The startup is banking on the belief that Gen Z investors are participating in the markets at higher rates than ever.
“They’re either underwhelmed and confused by the boring rigidity of financial advisors, and ultimately lose interest in…beginning and maintaining their investing journey at a young age,” Haddix said. “Or they’re overwhelmed by the bright lights and excitement of low-guidance, single-stock ‘casino/day-trading’ brokers and can potentially lose a significant amount of money…before losing interest in the markets.”
Scout’s app emerged from its private beta program in August and is now available in the Apple App Store. During its beta, the company onboarded thousands of students at more than 17 college campuses. The move was in line with its initial go-to-market strategy, which is to target college students, including athletes and non-athletes, with the expectation of making ambassadors out of influential people on campus. (Haddix’s own father is a former NFL running back.)
Interestingly and notably, Scout doesn’t make money by charging transaction fees. Instead, it charges users with less than $1,000 in assets under management (AUM) $1 a month for a subscription. For larger accounts — greater than $1,000 — the startup takes 1% of AUM.
The low barrier to entry is intentional. The company is going after what it views as a massive total addressable market with low customer acquisition costs.

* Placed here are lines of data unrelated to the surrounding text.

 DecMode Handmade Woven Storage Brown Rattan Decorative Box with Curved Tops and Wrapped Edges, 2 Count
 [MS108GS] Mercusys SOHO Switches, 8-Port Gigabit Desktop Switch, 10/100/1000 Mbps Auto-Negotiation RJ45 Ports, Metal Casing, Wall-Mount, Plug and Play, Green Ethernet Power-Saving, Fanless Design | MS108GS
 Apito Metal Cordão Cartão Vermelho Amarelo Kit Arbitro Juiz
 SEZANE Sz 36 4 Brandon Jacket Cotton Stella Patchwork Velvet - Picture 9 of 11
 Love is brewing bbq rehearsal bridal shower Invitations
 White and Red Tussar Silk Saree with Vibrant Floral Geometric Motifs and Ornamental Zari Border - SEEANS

“We want to get people in the door, and comfortable,” Haddix told TechCrunch.
The hope, and expectation, is that they will invest more money over time.
As part of helping users be comfortable, Scout provides daily monitoring and rebalances accounts monthly. It doesn’t want its users to be confused by the shifting macroeconomic environment around them.

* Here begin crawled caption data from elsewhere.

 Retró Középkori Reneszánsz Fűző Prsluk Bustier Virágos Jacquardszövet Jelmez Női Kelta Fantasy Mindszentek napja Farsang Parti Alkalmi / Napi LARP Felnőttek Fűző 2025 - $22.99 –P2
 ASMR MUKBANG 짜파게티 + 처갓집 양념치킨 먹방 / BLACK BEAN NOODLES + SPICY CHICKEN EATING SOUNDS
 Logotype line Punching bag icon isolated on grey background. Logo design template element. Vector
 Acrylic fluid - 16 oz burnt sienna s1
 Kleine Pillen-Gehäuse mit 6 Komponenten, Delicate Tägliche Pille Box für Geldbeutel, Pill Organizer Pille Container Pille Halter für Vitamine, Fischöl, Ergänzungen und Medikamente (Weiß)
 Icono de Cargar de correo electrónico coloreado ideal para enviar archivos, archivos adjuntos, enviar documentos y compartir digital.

“As the market changes, as things happen, as the Fed increases or — hopefully in the future — starts increasing the interest rate, or even if their life situation changes, we will make sure we are monitoring portfolios to make sure people are still in the same risk bucket, and that their allocation is still where they’d like it to be,” Haddix said.
To continue to grow its user base, the company is also emerging from stealth today with a $2.6 million seed raise led by Chingona Ventures, with participation from BDMI, On Deck, One Team, Reach Capital, Gaingels, Hustle Fund, Alive VC and Broadhaven Ventures. A number of high-profile angel investors also put money in the round, including 12-time NBA All-Star Chris Paul, Super Bowl Champion Vernon Davis, early-stage investors Tim Fong, VSC’s Jay Kapoor and athletes Jimmer Fredette and Kyle Hines.
Samara Mejia Hernandez, founding partner of Chingona Ventures, said her firm prioritizes investing in founders from non-traditional backgrounds “who bring unique perspectives on a customer base that will give them a competitive edge.”
She believes the company’s strategy of targeting Gen Z at colleges while leveraging campus influencers such as athletes is a compelling and unique one.
“Michael comes from this community and had spent the majority of his professional career advising this group on their finances,” Hernandez wrote via email. “Now he wants to scale this with technology.”
She added: “The Gen Z community is already interested in investing, you just need to give them a platform that allows them to do so while educating them on what they are doing and helping them share their investments with friends.”
For his part, NBA player Paul said in a written statement that financial education and encouraging young people to prioritize it has “always been important” to him.
“I have a unique opportunity and responsibility to use my platform to push that life-changing message to everyone,” he added.
Recognizing the value in having ambassadors that users know and look up to, Scout has also partnered with a number of professional athletes, including Travis Kelce, Ali Krieger, Elena Delle Donne and CJ McCollum to promote the investing app on social media.